We spent our last night in the U.S. (for a while) in Couer d’Alene, Idaho and headed north to cross into Canada. We had been looking forward to exploring our northern neighbor for a while and were full of adventure and excitement as we cruised up to the border crossing.
Handing over our passports and answering the agent’s questions seemed easy enough, until something I said piqued her interest. She asked us to park the RV to the side and enter the office to speak with an agent, something you never want to hear at a border crossing. I have spoken to multiple Canadians since this incident who warned me that crossing at slower checkpoints often invites increased scrutiny. Perhaps that’s what happened here.
We went inside and checked in with an agent who took our passports and asked me some more questions. He ended up with the keys to the RV and the Jeep, the code to the safe in the RV, and headed out with a second agent to take a closer look. They were out there for about 30 minutes while I tried to play it cool in front of the kids. I knew we didn’t have anything to be worried about, but my mind started playing tricks on me while we waited as I racked my brain for anything that I possibly could have had to get in trouble.
They came back with some cash and Melody’s purse and wanted to know why we had cash on us. I explained to them it was for emergencies and they seemed ok with it, took my hemp-derived CBD oil (legal in the U.S., legal in Canada, somehow illegal at the border) and wrote me up some seizure paperwork, and sent us on our way. As we journeyed on into Canada, a sense of relief hit us as we released some of the tension that had built up over the past hour.
Ransacking aside, we’re having a great time in Canada. We stopped for a night to rest and then made our way to the Calgary-area.
We stayed for five nights at Aspen Crossing in Mossleigh, Alberta an hour from Calgary. The park itself is really cool; they operate legit train excursions out of there on the 14 miles of old Canadian Pacific Railroad tracks they own. The bad news is, there is absolutely nothing else to do here within about 45 minutes.
On Friday night we rode the Twilight Tour that cruised through the prairie for 2.5 hours. The boys loved it, venturing back to the Candy Car (caboose) to buy some treats and blowing the whistle at the back of the train at least three times. We were held up at gunpoint multiple times along the route and at one point were robbed by bandits right on the train! The boys handed over their loonies (Canadian dollar coins) and loved the gunfights and drama.
We also had tickets for the Sunday Special which was a similar ride but during the day. We did a lot of the same stuff as on Friday with one special exception. I had been chatting with the train’s conductor for a while on the ride, a really nice Canadian (aren’t they all?) who had some full-time RV wisdom to pass down. About 20 minutes before the ride ended, he asked me if the boys would like to ride in the locomotive the rest of the way. Are you kidding me? Yes!

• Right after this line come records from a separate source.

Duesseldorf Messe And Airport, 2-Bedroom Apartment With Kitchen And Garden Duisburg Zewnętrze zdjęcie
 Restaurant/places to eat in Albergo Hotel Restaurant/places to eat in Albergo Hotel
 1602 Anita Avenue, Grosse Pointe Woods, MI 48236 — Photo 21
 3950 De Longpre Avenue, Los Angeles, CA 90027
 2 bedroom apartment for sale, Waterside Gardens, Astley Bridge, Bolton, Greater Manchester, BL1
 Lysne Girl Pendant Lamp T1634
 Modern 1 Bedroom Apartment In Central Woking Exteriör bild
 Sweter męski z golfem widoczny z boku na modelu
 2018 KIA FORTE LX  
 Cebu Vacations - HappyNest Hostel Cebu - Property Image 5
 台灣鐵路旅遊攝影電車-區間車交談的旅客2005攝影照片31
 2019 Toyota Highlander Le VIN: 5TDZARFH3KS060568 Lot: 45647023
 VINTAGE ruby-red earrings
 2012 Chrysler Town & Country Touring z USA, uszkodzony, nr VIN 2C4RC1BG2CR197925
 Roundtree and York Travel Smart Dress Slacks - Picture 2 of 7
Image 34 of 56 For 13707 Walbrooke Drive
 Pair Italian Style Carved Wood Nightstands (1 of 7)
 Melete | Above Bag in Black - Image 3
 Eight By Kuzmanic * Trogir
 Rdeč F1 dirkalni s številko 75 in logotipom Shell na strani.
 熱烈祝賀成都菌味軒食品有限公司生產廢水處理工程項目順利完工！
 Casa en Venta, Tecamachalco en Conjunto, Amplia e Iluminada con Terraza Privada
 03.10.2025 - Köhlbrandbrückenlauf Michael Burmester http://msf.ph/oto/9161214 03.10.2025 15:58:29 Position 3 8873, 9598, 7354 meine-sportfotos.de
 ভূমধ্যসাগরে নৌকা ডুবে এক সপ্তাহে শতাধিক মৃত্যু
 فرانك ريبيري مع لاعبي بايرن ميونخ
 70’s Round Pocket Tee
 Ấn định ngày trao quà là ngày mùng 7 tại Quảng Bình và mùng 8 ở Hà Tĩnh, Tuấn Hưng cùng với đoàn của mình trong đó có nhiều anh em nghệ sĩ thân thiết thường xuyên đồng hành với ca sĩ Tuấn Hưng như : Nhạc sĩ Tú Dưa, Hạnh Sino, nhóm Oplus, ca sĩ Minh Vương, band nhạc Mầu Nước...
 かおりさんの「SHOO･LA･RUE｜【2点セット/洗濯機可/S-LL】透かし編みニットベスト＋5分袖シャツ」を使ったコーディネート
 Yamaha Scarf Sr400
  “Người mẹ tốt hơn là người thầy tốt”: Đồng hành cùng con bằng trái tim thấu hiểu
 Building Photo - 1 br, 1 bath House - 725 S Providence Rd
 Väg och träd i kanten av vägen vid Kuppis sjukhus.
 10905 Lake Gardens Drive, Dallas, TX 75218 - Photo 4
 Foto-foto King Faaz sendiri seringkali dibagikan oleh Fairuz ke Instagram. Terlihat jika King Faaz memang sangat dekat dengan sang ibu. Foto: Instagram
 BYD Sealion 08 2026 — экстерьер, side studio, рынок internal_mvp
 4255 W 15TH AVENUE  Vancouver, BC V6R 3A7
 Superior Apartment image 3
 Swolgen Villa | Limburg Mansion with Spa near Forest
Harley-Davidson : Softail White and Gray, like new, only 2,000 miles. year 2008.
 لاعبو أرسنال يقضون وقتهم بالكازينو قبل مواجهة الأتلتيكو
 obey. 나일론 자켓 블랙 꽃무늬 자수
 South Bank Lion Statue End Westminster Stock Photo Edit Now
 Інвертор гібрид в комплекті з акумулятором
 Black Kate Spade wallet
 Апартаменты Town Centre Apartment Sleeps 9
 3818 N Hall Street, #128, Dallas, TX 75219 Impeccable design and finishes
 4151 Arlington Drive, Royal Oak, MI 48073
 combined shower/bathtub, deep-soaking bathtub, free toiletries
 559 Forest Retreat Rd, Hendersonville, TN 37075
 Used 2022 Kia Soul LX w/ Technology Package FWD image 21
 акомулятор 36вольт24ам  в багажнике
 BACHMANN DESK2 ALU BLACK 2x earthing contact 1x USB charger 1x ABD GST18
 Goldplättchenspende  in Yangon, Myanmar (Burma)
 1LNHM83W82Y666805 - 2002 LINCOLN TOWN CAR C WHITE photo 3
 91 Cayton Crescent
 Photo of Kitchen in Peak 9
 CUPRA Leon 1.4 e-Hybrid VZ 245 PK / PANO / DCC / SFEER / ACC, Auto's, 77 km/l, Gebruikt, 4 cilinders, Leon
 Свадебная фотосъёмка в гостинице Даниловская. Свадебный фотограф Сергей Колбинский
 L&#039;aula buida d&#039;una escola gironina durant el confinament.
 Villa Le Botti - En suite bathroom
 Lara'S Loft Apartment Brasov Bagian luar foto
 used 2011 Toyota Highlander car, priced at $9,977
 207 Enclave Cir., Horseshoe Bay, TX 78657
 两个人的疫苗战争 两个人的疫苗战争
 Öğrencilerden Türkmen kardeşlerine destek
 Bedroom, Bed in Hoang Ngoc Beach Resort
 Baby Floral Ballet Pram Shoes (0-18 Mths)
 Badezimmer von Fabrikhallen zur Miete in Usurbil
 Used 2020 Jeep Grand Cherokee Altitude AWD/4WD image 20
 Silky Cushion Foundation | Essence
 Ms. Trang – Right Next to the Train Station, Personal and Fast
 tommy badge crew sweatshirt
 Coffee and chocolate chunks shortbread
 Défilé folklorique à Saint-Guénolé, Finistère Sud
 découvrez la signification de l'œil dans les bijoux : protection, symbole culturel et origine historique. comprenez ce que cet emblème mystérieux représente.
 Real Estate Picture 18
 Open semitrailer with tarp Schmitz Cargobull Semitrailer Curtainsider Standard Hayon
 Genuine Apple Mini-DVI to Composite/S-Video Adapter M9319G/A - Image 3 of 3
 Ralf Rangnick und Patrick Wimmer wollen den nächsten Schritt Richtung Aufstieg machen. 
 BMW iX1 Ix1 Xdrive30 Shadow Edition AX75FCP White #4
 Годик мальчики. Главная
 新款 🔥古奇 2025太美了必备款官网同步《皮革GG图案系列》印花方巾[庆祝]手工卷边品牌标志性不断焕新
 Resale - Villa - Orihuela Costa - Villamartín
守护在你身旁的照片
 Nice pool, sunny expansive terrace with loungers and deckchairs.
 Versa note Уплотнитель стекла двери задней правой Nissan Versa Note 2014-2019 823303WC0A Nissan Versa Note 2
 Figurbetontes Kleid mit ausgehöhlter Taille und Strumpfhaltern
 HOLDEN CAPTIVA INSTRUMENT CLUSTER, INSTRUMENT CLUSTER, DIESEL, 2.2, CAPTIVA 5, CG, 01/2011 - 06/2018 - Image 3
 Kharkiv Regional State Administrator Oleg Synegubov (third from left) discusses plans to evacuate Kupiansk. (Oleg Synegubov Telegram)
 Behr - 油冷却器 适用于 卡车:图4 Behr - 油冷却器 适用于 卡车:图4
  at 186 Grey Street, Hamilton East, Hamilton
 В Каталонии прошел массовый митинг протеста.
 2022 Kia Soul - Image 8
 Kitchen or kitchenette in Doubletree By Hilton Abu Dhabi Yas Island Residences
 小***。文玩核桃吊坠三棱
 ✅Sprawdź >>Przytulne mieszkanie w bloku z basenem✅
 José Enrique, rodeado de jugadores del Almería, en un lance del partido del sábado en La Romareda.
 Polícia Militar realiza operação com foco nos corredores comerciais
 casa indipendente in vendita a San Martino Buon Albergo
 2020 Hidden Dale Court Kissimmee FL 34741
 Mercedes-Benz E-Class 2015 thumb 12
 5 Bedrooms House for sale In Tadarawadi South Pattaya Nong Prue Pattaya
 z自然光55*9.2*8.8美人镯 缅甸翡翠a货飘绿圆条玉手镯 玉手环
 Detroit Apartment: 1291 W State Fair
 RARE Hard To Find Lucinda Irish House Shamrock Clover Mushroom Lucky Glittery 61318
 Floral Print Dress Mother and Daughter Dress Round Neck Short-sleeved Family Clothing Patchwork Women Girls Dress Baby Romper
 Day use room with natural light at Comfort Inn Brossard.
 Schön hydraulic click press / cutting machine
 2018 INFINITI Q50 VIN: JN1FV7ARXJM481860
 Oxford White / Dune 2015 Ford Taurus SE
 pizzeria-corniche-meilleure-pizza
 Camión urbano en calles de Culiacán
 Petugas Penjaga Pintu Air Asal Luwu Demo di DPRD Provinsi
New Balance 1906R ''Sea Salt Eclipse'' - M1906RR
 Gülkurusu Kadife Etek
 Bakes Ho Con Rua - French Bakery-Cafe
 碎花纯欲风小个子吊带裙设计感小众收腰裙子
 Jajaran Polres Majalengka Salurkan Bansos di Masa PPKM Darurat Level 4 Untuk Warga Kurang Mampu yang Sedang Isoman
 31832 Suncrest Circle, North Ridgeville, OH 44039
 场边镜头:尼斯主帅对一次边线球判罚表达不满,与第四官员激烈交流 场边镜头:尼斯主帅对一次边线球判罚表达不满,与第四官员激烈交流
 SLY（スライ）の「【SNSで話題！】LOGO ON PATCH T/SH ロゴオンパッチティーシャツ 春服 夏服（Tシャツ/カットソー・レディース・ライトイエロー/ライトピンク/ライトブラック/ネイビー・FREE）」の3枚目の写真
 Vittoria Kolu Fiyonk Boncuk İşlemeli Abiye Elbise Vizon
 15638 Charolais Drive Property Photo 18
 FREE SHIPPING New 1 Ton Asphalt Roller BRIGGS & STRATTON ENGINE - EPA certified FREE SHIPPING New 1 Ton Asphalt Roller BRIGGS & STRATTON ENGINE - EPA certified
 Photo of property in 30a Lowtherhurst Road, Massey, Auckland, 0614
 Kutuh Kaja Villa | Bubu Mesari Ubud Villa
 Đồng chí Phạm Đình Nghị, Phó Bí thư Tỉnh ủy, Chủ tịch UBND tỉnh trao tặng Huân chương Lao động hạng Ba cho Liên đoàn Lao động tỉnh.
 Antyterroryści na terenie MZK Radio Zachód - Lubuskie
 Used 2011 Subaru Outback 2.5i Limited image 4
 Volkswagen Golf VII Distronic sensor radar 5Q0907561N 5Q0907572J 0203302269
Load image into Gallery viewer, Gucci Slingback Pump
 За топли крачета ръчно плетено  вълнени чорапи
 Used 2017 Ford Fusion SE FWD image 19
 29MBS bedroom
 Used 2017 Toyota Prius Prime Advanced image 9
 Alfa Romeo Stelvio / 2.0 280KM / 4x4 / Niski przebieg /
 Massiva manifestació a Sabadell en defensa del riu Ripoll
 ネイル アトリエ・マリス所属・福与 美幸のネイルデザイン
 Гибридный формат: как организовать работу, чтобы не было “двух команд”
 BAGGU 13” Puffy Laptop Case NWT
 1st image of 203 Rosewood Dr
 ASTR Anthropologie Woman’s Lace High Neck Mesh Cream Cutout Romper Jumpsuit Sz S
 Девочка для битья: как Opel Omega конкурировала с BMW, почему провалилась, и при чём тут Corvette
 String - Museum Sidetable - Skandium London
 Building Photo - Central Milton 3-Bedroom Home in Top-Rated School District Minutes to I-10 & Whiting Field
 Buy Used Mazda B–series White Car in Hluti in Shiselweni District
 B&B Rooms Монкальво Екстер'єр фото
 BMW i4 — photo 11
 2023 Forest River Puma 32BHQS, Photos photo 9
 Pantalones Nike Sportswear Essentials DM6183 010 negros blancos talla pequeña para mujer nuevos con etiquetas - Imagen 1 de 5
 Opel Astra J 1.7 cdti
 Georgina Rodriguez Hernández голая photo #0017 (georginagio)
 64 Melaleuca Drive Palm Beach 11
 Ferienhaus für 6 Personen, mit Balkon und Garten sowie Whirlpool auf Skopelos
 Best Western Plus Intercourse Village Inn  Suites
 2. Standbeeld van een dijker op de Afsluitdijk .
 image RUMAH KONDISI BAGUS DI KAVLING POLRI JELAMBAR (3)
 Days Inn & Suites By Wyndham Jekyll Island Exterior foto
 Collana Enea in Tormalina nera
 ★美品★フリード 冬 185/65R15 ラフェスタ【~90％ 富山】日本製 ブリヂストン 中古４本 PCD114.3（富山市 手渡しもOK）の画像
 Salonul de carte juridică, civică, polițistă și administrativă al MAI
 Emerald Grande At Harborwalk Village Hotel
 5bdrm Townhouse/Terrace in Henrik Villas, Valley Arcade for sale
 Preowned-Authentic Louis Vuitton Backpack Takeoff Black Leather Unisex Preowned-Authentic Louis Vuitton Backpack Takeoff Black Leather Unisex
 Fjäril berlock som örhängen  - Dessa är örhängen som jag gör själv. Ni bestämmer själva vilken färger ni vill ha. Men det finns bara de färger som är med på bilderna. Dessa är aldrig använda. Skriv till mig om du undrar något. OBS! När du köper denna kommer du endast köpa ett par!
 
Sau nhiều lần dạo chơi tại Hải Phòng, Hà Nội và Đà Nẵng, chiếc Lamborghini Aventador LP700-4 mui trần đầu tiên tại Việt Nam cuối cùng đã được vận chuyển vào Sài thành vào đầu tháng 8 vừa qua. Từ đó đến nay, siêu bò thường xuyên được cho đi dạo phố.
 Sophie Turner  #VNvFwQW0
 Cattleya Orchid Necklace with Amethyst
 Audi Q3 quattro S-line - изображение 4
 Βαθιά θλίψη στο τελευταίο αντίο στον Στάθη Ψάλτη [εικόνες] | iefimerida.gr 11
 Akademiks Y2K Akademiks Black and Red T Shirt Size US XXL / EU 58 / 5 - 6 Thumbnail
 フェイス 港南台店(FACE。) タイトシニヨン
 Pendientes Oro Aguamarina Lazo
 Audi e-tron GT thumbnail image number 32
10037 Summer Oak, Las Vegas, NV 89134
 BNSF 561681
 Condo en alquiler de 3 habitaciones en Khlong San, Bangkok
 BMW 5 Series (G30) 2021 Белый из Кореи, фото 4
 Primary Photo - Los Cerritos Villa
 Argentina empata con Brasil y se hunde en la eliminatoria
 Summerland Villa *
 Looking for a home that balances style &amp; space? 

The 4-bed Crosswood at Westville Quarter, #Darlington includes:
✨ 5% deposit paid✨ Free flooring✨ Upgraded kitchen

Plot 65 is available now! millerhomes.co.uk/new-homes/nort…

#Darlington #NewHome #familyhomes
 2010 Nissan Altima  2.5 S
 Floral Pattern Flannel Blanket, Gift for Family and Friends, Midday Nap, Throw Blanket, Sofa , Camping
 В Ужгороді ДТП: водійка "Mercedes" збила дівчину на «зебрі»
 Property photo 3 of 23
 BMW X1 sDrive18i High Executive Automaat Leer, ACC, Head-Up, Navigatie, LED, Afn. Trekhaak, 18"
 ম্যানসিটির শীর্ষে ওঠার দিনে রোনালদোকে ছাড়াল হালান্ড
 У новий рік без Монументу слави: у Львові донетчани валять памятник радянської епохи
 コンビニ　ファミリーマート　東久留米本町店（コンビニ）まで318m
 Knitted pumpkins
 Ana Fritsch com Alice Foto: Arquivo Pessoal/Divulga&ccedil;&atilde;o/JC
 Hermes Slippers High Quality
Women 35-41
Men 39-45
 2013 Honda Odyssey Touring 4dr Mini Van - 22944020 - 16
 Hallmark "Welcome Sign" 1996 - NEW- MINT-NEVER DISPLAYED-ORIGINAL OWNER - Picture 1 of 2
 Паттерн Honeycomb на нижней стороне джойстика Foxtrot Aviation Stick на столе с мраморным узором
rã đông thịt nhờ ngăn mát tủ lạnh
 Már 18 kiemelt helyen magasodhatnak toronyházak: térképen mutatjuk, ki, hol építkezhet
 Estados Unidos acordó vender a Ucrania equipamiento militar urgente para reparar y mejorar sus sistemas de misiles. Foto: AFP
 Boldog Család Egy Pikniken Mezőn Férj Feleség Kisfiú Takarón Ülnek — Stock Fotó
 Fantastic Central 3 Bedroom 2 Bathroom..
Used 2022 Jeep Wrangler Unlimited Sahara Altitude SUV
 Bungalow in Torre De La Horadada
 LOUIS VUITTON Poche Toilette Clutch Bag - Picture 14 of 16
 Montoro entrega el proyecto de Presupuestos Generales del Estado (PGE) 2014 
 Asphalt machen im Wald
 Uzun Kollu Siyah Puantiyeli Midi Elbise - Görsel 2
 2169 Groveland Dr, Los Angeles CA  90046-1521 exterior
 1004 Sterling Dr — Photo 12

They unceremoniously unboarded us on the side of the tracks while the other passengers wondered why we were no longer riding. “That’s what you get for smoking on the train!” said the conductor as the train thundered past us. Of course, the engine slowed to a stop a moment later and we jumped on. Noodles and Goosey were able to drive the locomotive from the engineer’s seat, blow the whistle, and had a great time. It especially made Wyatt’s day.
We’ve gone into Calgary a few times and have loved it. Apparently we’re here at the right time of the year because locals constantly tell us to try it when it’s “30 below with six feet of snow.” Hmmm…
It feels almost like the U.S. with some little things you notice. Here you go to the parc in the city centre. It’s metric most of the time, which makes you feel like you’re flying around doing 110 everywhere. There are no pennies, which is genius. I’ve only seen a handful of police, which made me realize how I’m used to seeing so many cops in the states. People really do say “eh?” and “you betcha!” It feels a little friendlier than home, if that makes sense.
Yesterday we spent the day in Banff National Park. The boys did great on a 3.5 km hike to a vista point overlooking Lake Louise, which was an amazingly beautiful sight. We cruised through the town of Banff grabbing ice creams and hitting the farmer’s market before settling down next to the river and lying down for a while. The town had a similar feel to Jackson Hole and other mountain town we’ve been through.
We’re heading back into Calgary today for a final excursion before we head north to Spring Lake, Alberta outside of Edmonton and looking forward to another month up north!